_Work instruction_. Look through the listing below and write out exactly the lines from the line with "Woven shades hanging next to a sitting area. Woven" to the line with "Digital Shipping Postal", both included, and no others.

_Working data_.
========================================

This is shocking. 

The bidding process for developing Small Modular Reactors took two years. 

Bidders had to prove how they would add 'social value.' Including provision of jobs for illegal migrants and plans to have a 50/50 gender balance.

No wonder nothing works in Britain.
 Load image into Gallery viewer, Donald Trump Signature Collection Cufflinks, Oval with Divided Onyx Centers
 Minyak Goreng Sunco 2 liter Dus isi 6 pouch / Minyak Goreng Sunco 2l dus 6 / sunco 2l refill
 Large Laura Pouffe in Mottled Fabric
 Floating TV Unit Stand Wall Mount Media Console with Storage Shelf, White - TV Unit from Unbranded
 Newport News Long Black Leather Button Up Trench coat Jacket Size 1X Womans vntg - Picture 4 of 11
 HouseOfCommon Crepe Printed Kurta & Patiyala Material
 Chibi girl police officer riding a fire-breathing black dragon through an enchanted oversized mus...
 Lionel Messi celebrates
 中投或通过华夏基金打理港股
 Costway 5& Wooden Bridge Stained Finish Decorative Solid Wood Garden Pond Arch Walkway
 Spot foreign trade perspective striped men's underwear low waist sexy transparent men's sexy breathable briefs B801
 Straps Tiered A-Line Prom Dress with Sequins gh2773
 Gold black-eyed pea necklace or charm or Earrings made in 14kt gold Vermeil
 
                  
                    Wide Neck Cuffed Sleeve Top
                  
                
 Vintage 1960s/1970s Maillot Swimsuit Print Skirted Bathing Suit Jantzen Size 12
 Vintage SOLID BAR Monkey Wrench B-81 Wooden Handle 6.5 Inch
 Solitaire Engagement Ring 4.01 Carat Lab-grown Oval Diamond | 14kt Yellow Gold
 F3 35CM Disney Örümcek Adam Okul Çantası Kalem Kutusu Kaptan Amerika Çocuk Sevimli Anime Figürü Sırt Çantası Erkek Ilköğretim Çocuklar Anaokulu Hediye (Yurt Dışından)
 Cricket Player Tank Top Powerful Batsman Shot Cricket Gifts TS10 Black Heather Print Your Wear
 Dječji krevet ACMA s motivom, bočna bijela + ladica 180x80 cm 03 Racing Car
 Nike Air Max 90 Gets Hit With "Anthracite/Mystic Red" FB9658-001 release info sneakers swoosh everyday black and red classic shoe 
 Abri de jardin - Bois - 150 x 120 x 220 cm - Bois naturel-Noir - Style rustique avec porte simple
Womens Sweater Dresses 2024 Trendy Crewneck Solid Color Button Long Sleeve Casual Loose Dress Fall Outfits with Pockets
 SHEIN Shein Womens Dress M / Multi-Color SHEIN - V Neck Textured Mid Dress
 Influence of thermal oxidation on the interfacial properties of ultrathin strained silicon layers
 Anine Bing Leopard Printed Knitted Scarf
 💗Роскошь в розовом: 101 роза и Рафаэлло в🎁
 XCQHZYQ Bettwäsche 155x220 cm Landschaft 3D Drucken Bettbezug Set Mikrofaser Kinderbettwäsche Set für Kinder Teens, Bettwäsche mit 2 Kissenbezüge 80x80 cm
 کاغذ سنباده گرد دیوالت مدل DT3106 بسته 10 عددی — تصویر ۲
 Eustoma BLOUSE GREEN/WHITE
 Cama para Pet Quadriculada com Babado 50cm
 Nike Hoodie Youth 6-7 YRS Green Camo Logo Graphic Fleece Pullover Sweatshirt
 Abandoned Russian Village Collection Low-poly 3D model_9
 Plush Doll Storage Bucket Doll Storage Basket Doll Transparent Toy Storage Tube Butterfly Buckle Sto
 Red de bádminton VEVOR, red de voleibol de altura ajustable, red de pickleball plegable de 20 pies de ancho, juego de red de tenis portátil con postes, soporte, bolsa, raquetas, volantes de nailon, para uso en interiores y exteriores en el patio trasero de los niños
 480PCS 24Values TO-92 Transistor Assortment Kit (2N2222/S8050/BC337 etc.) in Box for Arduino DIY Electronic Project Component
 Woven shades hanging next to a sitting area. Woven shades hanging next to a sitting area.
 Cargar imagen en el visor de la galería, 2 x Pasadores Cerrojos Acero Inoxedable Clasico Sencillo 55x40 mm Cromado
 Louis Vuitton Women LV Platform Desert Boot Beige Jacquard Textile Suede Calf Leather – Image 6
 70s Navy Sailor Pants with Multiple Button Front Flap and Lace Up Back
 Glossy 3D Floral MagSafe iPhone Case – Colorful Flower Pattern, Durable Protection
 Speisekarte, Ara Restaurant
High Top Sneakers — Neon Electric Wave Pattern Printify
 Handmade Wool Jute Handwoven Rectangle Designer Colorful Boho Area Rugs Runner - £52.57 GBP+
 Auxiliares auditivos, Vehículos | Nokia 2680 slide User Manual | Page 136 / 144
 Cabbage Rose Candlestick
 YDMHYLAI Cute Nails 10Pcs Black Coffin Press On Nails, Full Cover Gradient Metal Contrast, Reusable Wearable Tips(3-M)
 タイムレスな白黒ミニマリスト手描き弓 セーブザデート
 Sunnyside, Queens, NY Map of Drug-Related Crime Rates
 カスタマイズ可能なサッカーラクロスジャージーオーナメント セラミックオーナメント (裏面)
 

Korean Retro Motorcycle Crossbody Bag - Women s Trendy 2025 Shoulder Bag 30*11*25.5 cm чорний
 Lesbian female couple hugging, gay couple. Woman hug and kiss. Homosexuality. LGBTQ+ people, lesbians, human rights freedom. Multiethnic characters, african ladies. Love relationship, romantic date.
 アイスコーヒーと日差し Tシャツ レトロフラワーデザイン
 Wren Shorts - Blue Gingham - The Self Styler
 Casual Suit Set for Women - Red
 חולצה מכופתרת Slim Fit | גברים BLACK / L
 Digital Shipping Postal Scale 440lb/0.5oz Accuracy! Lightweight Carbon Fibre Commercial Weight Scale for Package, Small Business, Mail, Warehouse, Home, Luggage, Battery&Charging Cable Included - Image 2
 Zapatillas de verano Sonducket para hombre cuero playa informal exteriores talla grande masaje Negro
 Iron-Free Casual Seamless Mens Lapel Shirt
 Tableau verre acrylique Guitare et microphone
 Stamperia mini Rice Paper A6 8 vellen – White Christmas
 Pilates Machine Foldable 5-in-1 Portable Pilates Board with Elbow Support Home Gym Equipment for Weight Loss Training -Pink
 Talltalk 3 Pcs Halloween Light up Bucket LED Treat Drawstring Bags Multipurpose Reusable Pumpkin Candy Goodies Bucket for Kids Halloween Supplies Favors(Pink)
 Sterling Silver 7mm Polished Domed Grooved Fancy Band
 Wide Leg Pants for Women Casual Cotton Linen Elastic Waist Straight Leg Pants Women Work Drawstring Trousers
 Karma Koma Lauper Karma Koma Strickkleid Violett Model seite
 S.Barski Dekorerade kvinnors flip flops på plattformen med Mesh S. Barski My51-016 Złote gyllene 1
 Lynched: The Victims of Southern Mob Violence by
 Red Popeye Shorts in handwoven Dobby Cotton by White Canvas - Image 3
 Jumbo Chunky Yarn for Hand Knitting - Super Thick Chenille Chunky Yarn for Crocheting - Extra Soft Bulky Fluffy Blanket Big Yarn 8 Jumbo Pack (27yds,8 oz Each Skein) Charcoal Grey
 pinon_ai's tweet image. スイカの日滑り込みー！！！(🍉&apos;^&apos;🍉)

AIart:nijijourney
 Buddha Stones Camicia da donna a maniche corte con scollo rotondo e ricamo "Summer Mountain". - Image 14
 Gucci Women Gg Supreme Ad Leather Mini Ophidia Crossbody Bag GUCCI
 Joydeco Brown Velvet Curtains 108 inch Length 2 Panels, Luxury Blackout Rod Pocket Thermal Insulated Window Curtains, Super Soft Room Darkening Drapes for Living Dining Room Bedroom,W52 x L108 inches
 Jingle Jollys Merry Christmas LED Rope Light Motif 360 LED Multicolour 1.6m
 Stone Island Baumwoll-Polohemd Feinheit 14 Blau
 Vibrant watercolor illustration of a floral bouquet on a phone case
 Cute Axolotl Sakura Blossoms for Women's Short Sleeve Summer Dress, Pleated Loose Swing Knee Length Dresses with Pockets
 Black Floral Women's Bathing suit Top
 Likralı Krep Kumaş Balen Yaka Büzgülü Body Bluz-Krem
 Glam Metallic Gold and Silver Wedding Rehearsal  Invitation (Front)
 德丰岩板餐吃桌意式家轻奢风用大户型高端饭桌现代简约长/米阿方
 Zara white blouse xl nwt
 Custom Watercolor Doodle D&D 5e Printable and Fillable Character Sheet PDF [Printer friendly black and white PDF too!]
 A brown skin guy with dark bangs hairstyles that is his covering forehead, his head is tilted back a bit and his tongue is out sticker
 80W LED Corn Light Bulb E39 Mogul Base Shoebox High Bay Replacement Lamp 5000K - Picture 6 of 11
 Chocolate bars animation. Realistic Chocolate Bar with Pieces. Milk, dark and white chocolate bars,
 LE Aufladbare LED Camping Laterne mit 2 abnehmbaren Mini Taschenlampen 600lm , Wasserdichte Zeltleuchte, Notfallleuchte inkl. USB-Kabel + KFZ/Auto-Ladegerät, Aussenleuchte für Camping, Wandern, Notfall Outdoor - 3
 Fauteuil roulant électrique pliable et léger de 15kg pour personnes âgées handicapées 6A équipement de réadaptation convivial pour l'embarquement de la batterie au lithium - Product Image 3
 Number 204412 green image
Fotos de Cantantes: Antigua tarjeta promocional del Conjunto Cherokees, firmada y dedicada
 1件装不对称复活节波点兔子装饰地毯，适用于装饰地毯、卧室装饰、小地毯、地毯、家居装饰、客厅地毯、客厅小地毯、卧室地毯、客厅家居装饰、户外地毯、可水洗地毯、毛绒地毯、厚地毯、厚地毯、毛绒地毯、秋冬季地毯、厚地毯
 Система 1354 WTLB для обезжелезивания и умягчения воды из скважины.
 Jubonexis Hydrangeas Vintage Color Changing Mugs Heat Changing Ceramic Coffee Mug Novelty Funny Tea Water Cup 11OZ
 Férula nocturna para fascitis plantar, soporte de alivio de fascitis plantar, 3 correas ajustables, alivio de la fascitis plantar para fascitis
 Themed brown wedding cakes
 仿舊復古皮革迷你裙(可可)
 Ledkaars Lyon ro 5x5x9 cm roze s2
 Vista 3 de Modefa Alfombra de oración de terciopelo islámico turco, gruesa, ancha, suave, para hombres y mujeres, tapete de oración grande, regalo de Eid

========================================

_Expected answer_.
 Woven shades hanging next to a sitting area. Woven shades hanging next to a sitting area.
 Cargar imagen en el visor de la galería, 2 x Pasadores Cerrojos Acero Inoxedable Clasico Sencillo 55x40 mm Cromado
 Louis Vuitton Women LV Platform Desert Boot Beige Jacquard Textile Suede Calf Leather – Image 6
 70s Navy Sailor Pants with Multiple Button Front Flap and Lace Up Back
 Glossy 3D Floral MagSafe iPhone Case – Colorful Flower Pattern, Durable Protection
 Speisekarte, Ara Restaurant
High Top Sneakers — Neon Electric Wave Pattern Printify
 Handmade Wool Jute Handwoven Rectangle Designer Colorful Boho Area Rugs Runner - £52.57 GBP+
 Auxiliares auditivos, Vehículos | Nokia 2680 slide User Manual | Page 136 / 144
 Cabbage Rose Candlestick
 YDMHYLAI Cute Nails 10Pcs Black Coffin Press On Nails, Full Cover Gradient Metal Contrast, Reusable Wearable Tips(3-M)
 タイムレスな白黒ミニマリスト手描き弓 セーブザデート
 Sunnyside, Queens, NY Map of Drug-Related Crime Rates
 カスタマイズ可能なサッカーラクロスジャージーオーナメント セラミックオーナメント (裏面)
 

Korean Retro Motorcycle Crossbody Bag - Women s Trendy 2025 Shoulder Bag 30*11*25.5 cm чорний
 Lesbian female couple hugging, gay couple. Woman hug and kiss. Homosexuality. LGBTQ+ people, lesbians, human rights freedom. Multiethnic characters, african ladies. Love relationship, romantic date.
 アイスコーヒーと日差し Tシャツ レトロフラワーデザイン
 Wren Shorts - Blue Gingham - The Self Styler
 Casual Suit Set for Women - Red
 חולצה מכופתרת Slim Fit | גברים BLACK / L
 Digital Shipping Postal Scale 440lb/0.5oz Accuracy! Lightweight Carbon Fibre Commercial Weight Scale for Package, Small Business, Mail, Warehouse, Home, Luggage, Battery&Charging Cable Included - Image 2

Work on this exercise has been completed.